Once you have done the per workload scatter plot of Y axis cloud readiness and X axis cloud value, you need to be optimizing both colo and cloud workloads in parallel and start immediately. That’s called opportunity cost. If you plan for a 3 month colo to cloud migration and it takes 6-12 months, you have negative repercussions as well by not completing the migration quickly enough. The other key metric here is to divide the business measure of work by the compute cost per VM per month. “Work” is your activity of stuff done, like page views per day, transactions per minute, jobs per day etc., and you will get your business unit rate cost of work. Once you start to focus your optimization suggestions back to the unit rate sugar costs and business work measures, your developers become a financially aware DevOps org who design to value and user experience. You will have a strategy, measures, and process that guides everyday decisions and an audit function that management will love. You have to watch both cost per GB RAM hour and cost per unit of work to ensure you are doing better each month.
The products and teams that are in public cloud, cloud native from launch, or net new services being designed with emergent tech like serverless and step functions to service revenue today are leveraging the huge service catalog and pricing options from public clouds. Abundance of services, middleware, price models, and core compute will have many more tactics and levers to activate over the limited colo product and pricing catalog upon which I can optimize.
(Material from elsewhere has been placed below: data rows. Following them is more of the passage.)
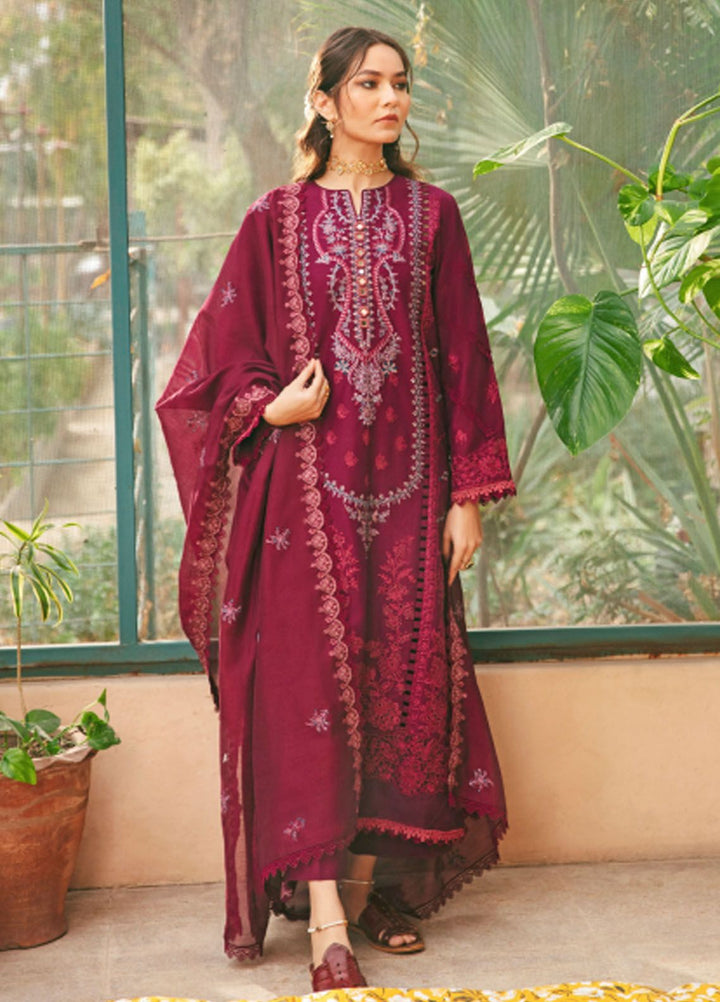 Florent Embroidered Lawn Suit Unstitched 3 Piece FL24LL FL-4B - Luxury Summer Collection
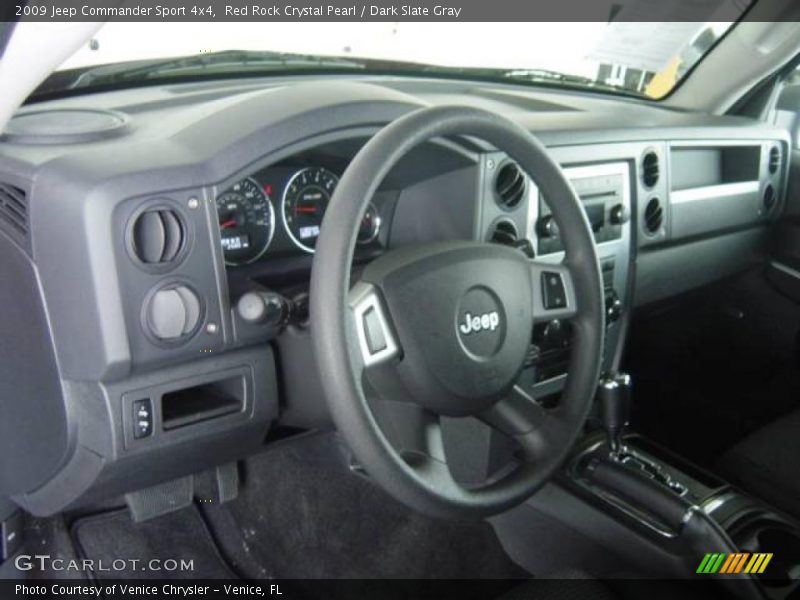 Red Rock Crystal Pearl / Dark Slate Gray 2009 Jeep Commander Sport 4x4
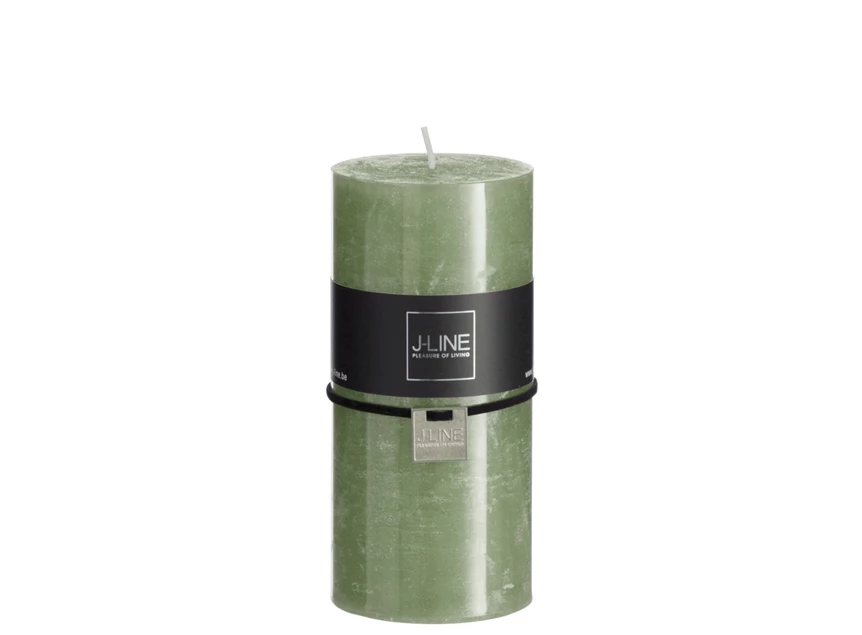 87138 J-Line Jolipa Cilinderkaars Khaki L 70H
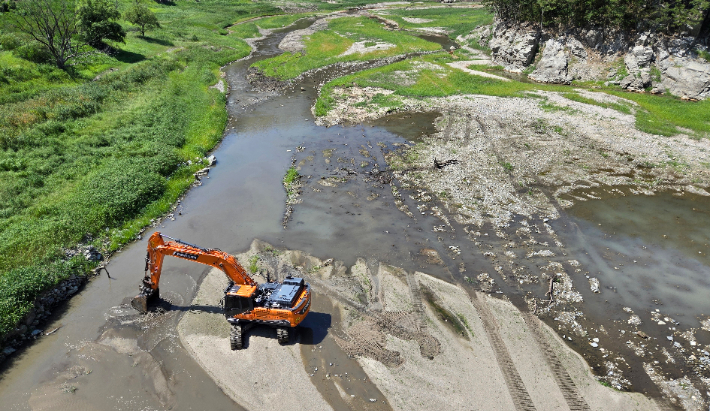 강릉시 주요 상수원인 오봉저수지 상류. 연합뉴스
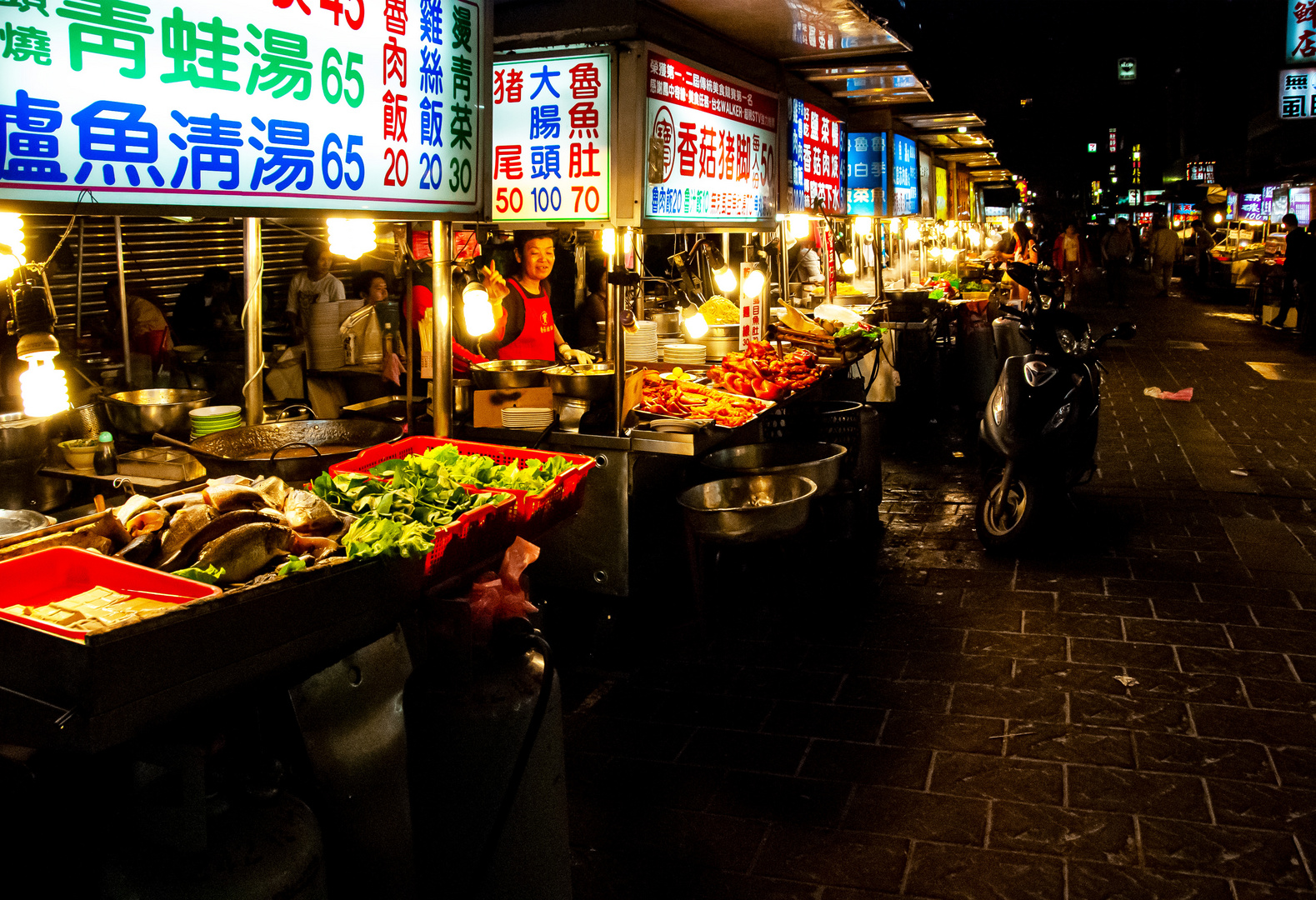 Nachtmarkt in Taipei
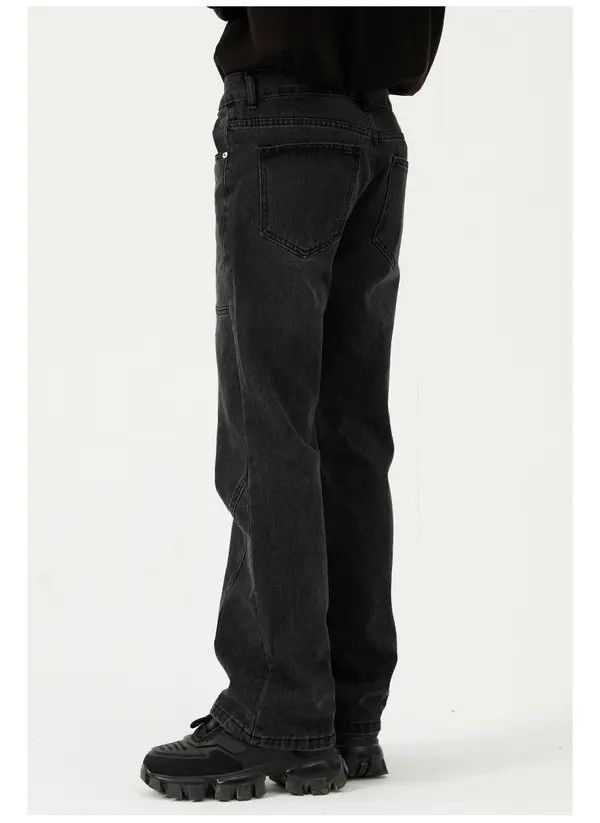 VIBE Japanese retro straight-leg trendy flared jeans Size US 32 / EU 48 - 4 Thumbnail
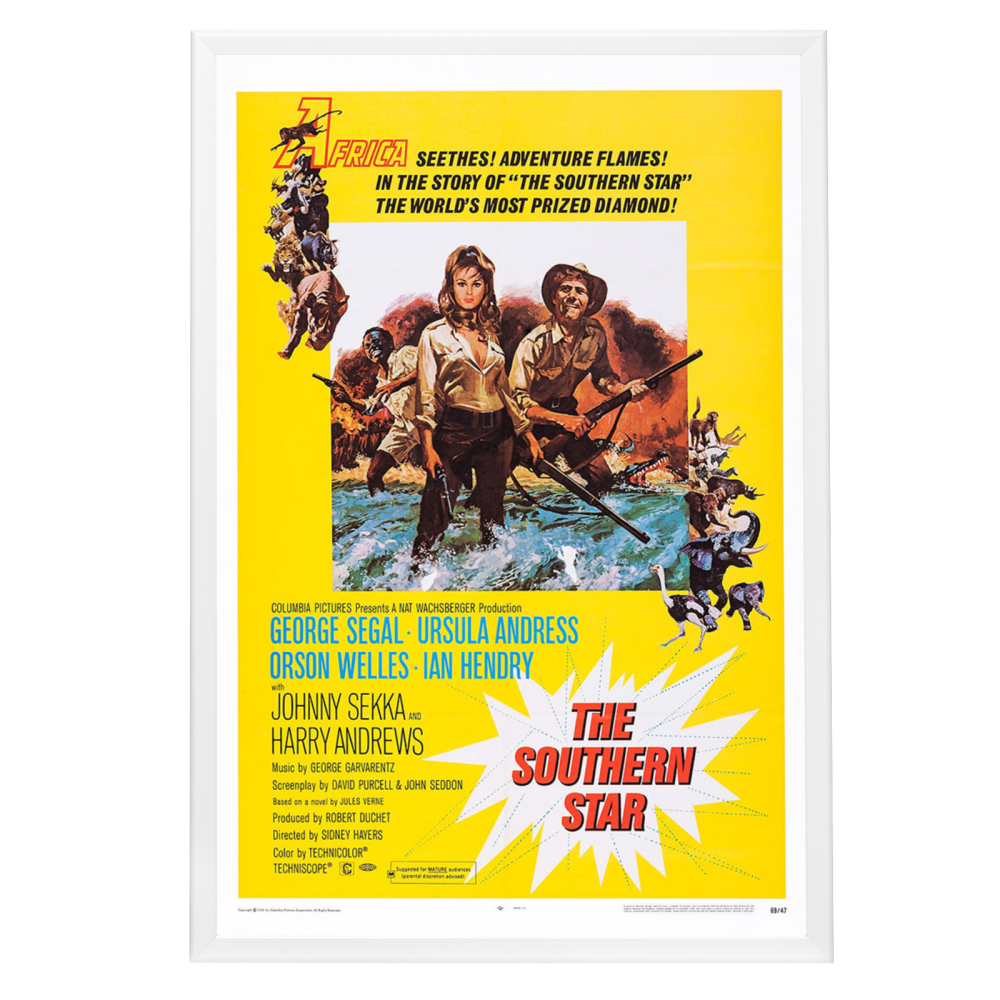 "Southern Star" (1969) Framed Movie Poster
AWS had over 1000 new products come out this last year. There are just so many more buttons, switches, dials, and pricing models to activate in public cloud; especially as you get should-cost modeling responsibility for entering emerging markets, rapid global expansion with DR and massive daily demand flexing of known and un predictable traffic spikes. The opportunity cost of finding an optimization tactic to cut your sugar costs by 40 percent in public cloud is rolled out in a few minutes. The same tactic may take 3+ years to change out in colo due to HW and procurement refresh patterns. The companies and teams that I have met with over the years who are best in class, in highly competitive software sectors, are the ones who took the time to up skill, hire to get the advanced and expert level skills to drive the F1 well, are financially aware (which piece of code triggers X compute costs for Y work per day), design to value, and have separate management folks watching and strategizing to master the technology business management outcomes continuously.